If you weren't making things 100 years ago, you'd be dead. Your home, your food, your clothes and even your toys were all made by you or someone you knew. Somewhere along the way, humans seem to have forgotten that we were makers, and instead became consumers.

Now, when some people build, sew and bake they are making a conscious choice to return to our maker roots. This movement is MakerCulture. Today, makers challenge the mainstream and make instead of buy.

What used to be a necessity is now a lifestyle. But how were these people inspired, how did they learn, and how did they get to where they are now?
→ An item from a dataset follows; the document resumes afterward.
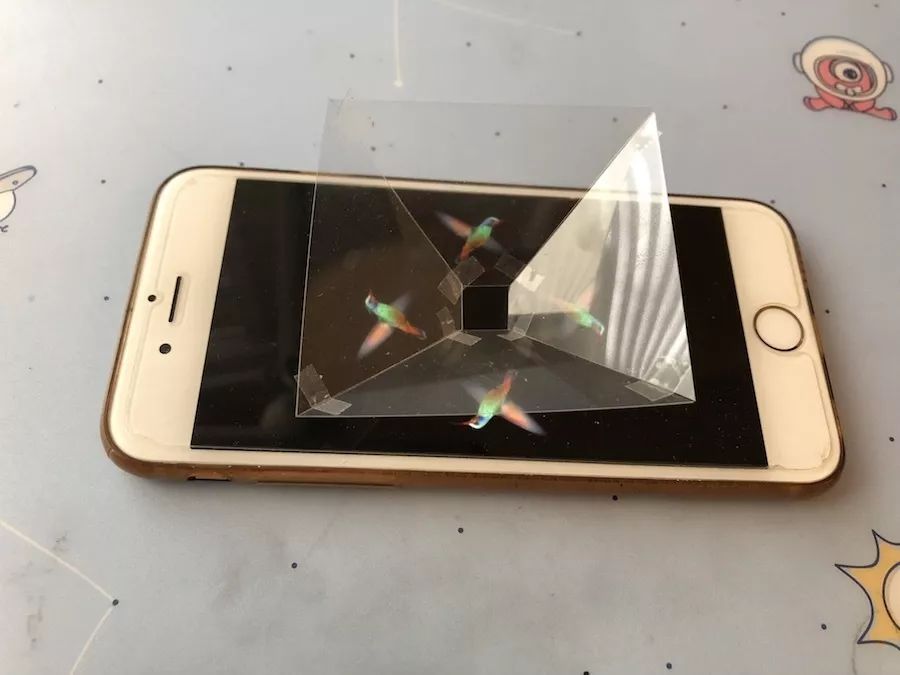 手机秒变全息投影仪理工男的中秋最美创意你也能做哟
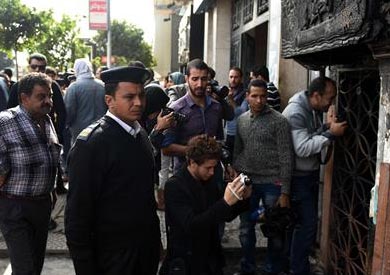 ««ملهى العجوزة» المحترق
Here are the stories of some modern-day makers.

Sewing it all together

Some of us shop only designer, some of us shop only bargain bin, and some of us hardly shop at all (well, for clothes at least). These people are makers of clothing and accessories.

Beth Graham, a yarn seller at Shall We Knit in St. Jacob's, Ontario started knitting seven years ago when she noticed all her friends were doing it, and she wanted to jump on the band-wagon, she said. Graham now knits socks, scarves, and sweaters because she can make exactly what she wants.

"Socks I can make myself, I can fit to my large, skinny feet," said Graham. "And they fit better, and they feel better, and they look better, I think."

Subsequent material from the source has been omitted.